Für die London Stock Exchange Group ist das Primärmarktgeschäft zwar kein großer Umsatzbringer. Trotzdem wird man sich freuen, wenn das Listingregime entschlackt wird. Denn die Anforderungen an Börsenkandidaten sind in der britischen Metropole strenger als auf dem Kontinent. Doch es geht nur im Kriechgang voran, obwohl mutige Schritte zur Deregulierung der Finanzbranche nötig wären. Der bürokratische Apparat, der sich in den vergangenen Jahren darin gefiel, europäische Vorschriften durch besonders strenge Übertragung in britische Regelwerke zu vergolden, stellt sich Reformen entgegen. Wenn auch in Brüssel Änderungen anstehen, etwa beim Zurückdrehen des „Unbundling“, der von Mifid II verordneten getrennten Bezahlung von Investmentanalysen und Handelsaufträgen, tut man sich in Whitehall leichter. Auch hartgesottene Brexit-Befürworterinnen wie Wirtschaftsministerin Kemi Badenoch haben sich am Widerstand und an der Trägheit der Verwaltung die Zähne ausgebissen. Die Liste der von der EU übernommenen Gesetze, die bis Jahresende gestrichen werden sollen, wird immer kürzer. Hunt fand es am Ende leichter, die Anbieter von beitragsorientierten Altersvorsorgeplänen dazu zu bewegen, 5% der ihnen anvertrauten Gelder in Private Equity und Firmen im Anfangsstadium zu investieren, als der Prudential Regulation Authority bei der Reform von Solvency II Dampf zu machen. Aviva, Legal & General, Phoenix und Scottish Widows sind dazu bereit. Start-ups könnten davon profitieren. Ursprünglich hatte man gehofft, Mittel für dringend nötige Infrastrukturinvestitionen freisetzen zu können. Die bei der Bank of England angesiedelte Aufsicht zeigte sich jedoch beharrlich.
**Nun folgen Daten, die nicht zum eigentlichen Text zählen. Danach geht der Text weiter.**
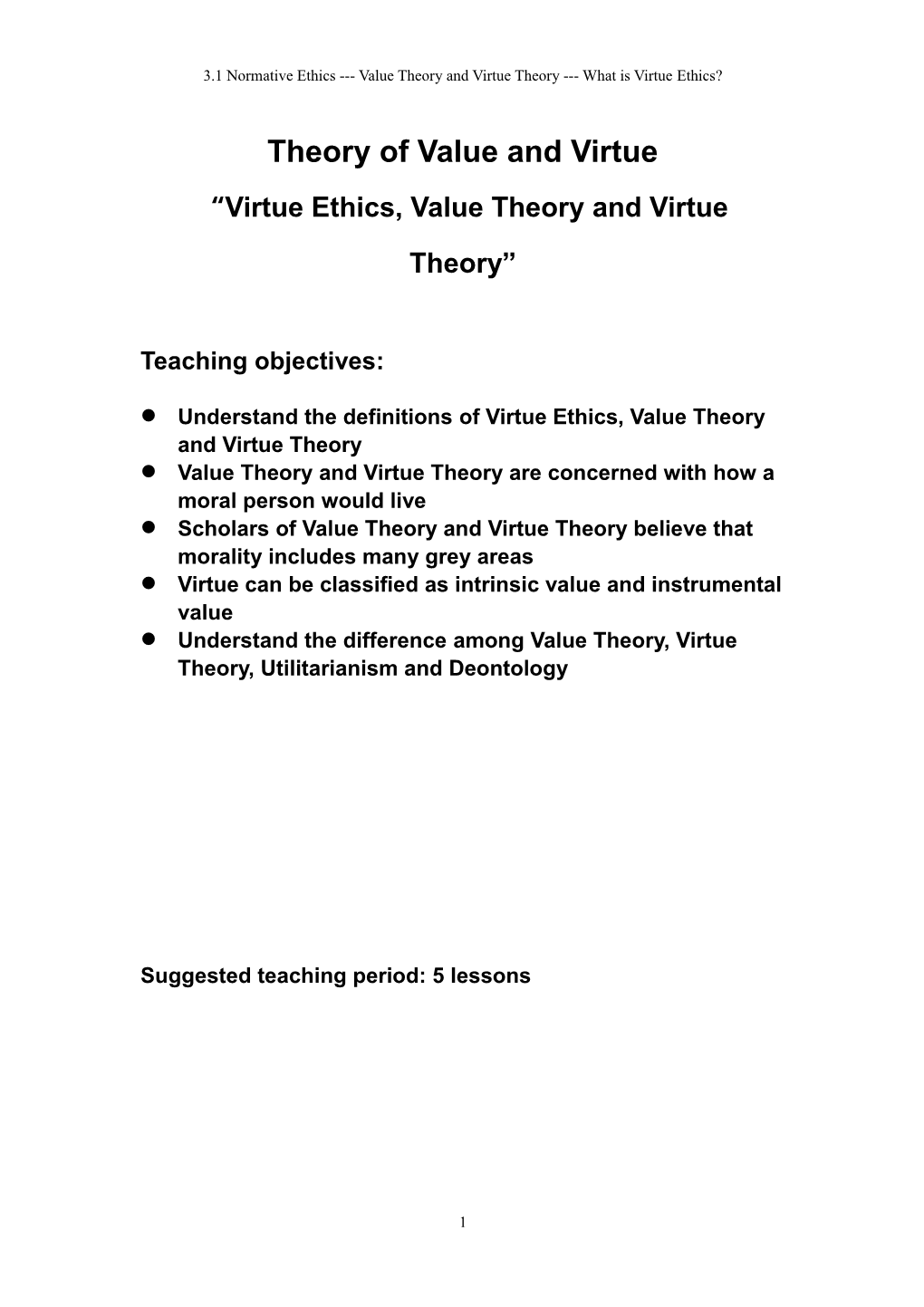 Virtue Ethics, Value Theory and Virtue Theory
Was hilft ein perfekt regulierter Markt, wenn keiner mehr dort handeln will? Der regulatorische Overkill lähmt nicht nur das Geschäft am Finanzplatz London. Er sorgt auch dafür, dass sich Marktteilnehmer nach nicht reguliertem Geschäft umsehen, dem freiwilligen Heißlufthandel etwa, bei dem CO2-Zertifikate gehandelt werden, die zwar keine Verschmutzungsrechte verbriefen, aber Unternehmen ein gutes Gewissen verschaffen können. Mit einer Abwanderung in unregulierte Märkte wäre keinem gedient. Mehr Common Sense käme dagegen allen zugute.